Dans le port du Havre, des carcasses d'ordinateurs et de smartphones arrivent par conteneurs entiers, prêtes à être réduites en pièces afin d'en récupérer les précieux matériaux, qui serviront à fabriquer de nouveaux appareils.

Le constat est relativement simple: les matières premières qui servent à fabriquer les appareils électroniques ne sont pas inépuisables. «Les industriels sentent la raréfaction du métal», constate Serge Kimbel, le directeur général de Morphosis, la première entreprise à intégrer toute la chaîne du retraitement des déchets électriques et électroniques en France.

Or, nos placards sont pleins de vieux appareils. Il y aurait en France, par exemple, plus de 100 millions de téléphones portables inutilisés qui dorment dans les tiroirs!

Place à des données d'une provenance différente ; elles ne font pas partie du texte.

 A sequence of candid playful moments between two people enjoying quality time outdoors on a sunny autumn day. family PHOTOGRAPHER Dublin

Le but est donc de les récupérer et de les reconditionner s'ils sont réutilisables (en effaçant toutes les données), et sinon de les dépiauter pour recycler les composants et récupérer le plus de matériaux possible.

«Il y a vraiment une seconde vie. (...) Les matières qui arrivent dans notre usine sont transformées sous forme de sels et permettent la fabrication d'autres objets», explique Serge Kimbel. «Le métal que l'on produit aujourd'hui est réinjecté principalement chez des industriels français, dans le domaine du solaire par exemple, dans le domaine des contacteurs, dans le domaine des batteries...»

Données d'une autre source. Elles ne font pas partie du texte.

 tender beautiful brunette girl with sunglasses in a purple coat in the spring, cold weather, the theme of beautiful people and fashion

Morphosis emploie 50 personnes sur deux sites plutôt discrets, près du port du Havre. Le premier, un hangar, sert surtout au tri et aux différents tests. C'est dans le second, une petite usine sécurisée installée dans les anciens abattoirs de la ville, que l'on récupère la quarantaine de métaux contenus dans les appareils: surtout du cuivre, mais aussi de l'argent, du palladium, du cobalt, de l'étain, du tungstène, du platine, un peu d'or... 

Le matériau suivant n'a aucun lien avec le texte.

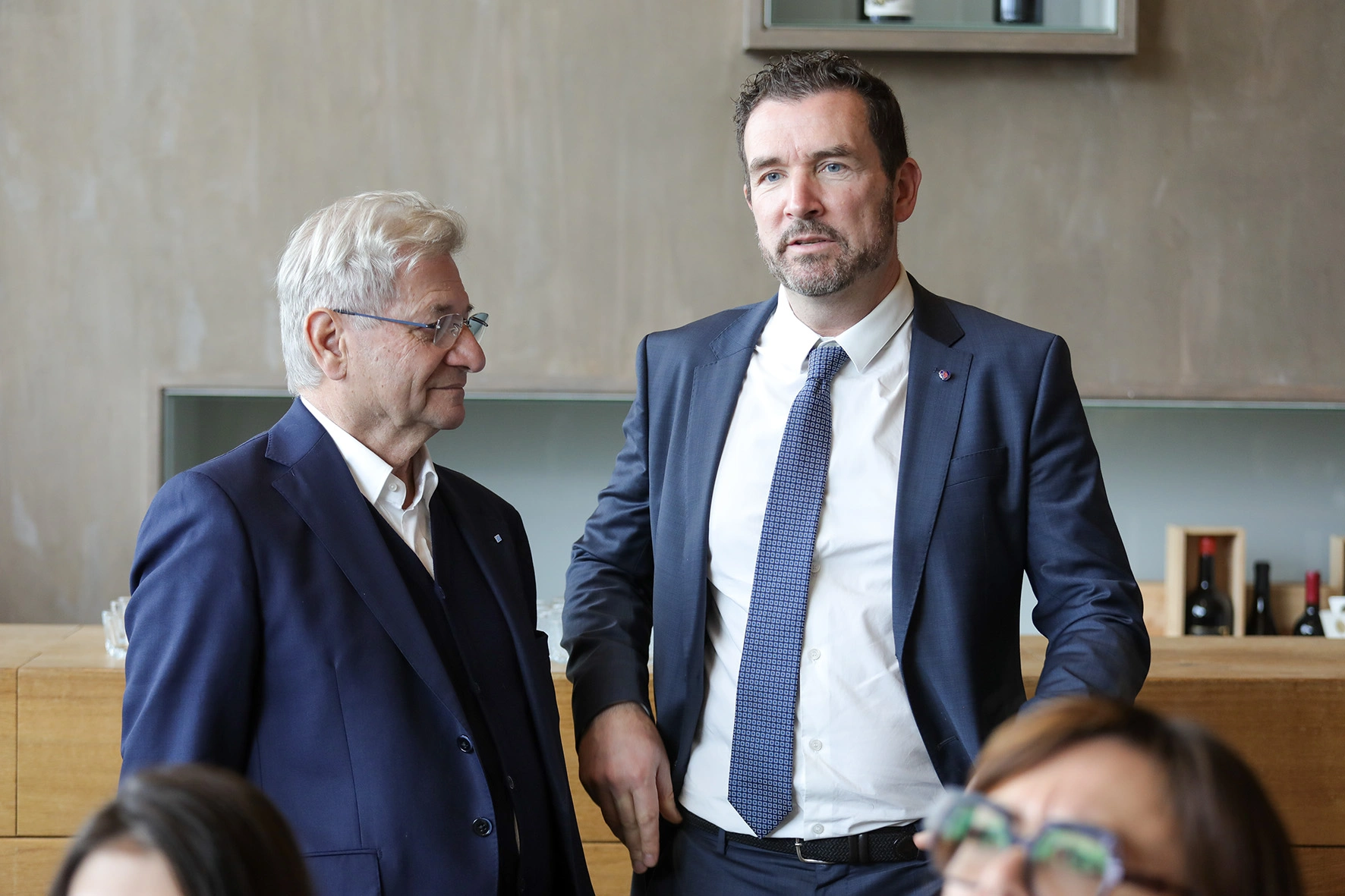 Due uomini in abiti da lavoro si trovano uno accanto all'altro.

On fait concrètement subir aux cartes électroniques une succession de traitements thermiques, chimiques et mécaniques, pour dissocier les métaux, qui seront ensuite fondus et affinés par électrolyse.

Vieux portables africains

«Les industriels ne veulent pas savoir si un métal est recyclé ou pas», ce qui compte pour eux, c'est «qu'il respecte un cahier des charges très précis», relève le patron de la PME normande. 

La filière intéresse cependant les opérateurs qui se veulent responsables en termes environnementaux.

«L'univers des télécommunications est extrêmement concurrentiel, excessivement agressif, avec une guerre des prix dont on peut voir les effets constamment. (...) Nous savons que c'est souvent sur d'autres terrains que nous pouvons faire la différence», argumente l'ancienne ministre de la Culture Christine Albanel, chargée de la responsabilité sociétale des entreprises (RSE) à Orange.

Et, parmi les attentes des clients, «l'environnement (...) est extrêmement important», souligne-t-elle.

L'opérateur historique veut récupérer d'ici 2020, «par des offres commerciales intéressantes», 30 téléphones usagés pour 100 appareils placés auprès de ses clients français, contre «autour de 20» aujourd'hui.

Une partie de ces mobiles est reconditionnée et revendue d'occasion, notamment en Afrique. Orange -très présent sur ce continent- et Emmaüs y ont d'ailleurs lancé en 2010 un système de collecte de vieux appareils en s'appuyant sur Les Ateliers du Bocage, une entreprise solidaire de l'Ouest de la France, qui recycle notamment les appareils électroniques. 

L'association est présente dans cinq pays (Burkina Faso, Bénin, Niger, Côte d'Ivoire, Cameroun), l'objectif étant d'ajouter un pays par an, sur ce continent où les filières de récupération des déchets sont quasi inexistantes. Morphosis a ainsi récupéré au Havre 21 conteneurs de composants issus de ces portables africains. 

Il faudra accélérer la cadence si l'on veut aller plus loin dans l'économie circulaire et arriver un jour à fabriquer des appareils en n'utilisant que des matériaux recyclés, un but que s'est récemment donné le géant informatique américain Apple - sans toutefois se fixer d'échéance.

«C'est tout à fait faisable», s'enthousiasme Serge Kimbel, interrogé par l'AFP. «On essaie de prendre contact avec eux pour voir comment réintégrer les métaux qu'on récupère dans la fabrication de leurs nouveaux appareils!»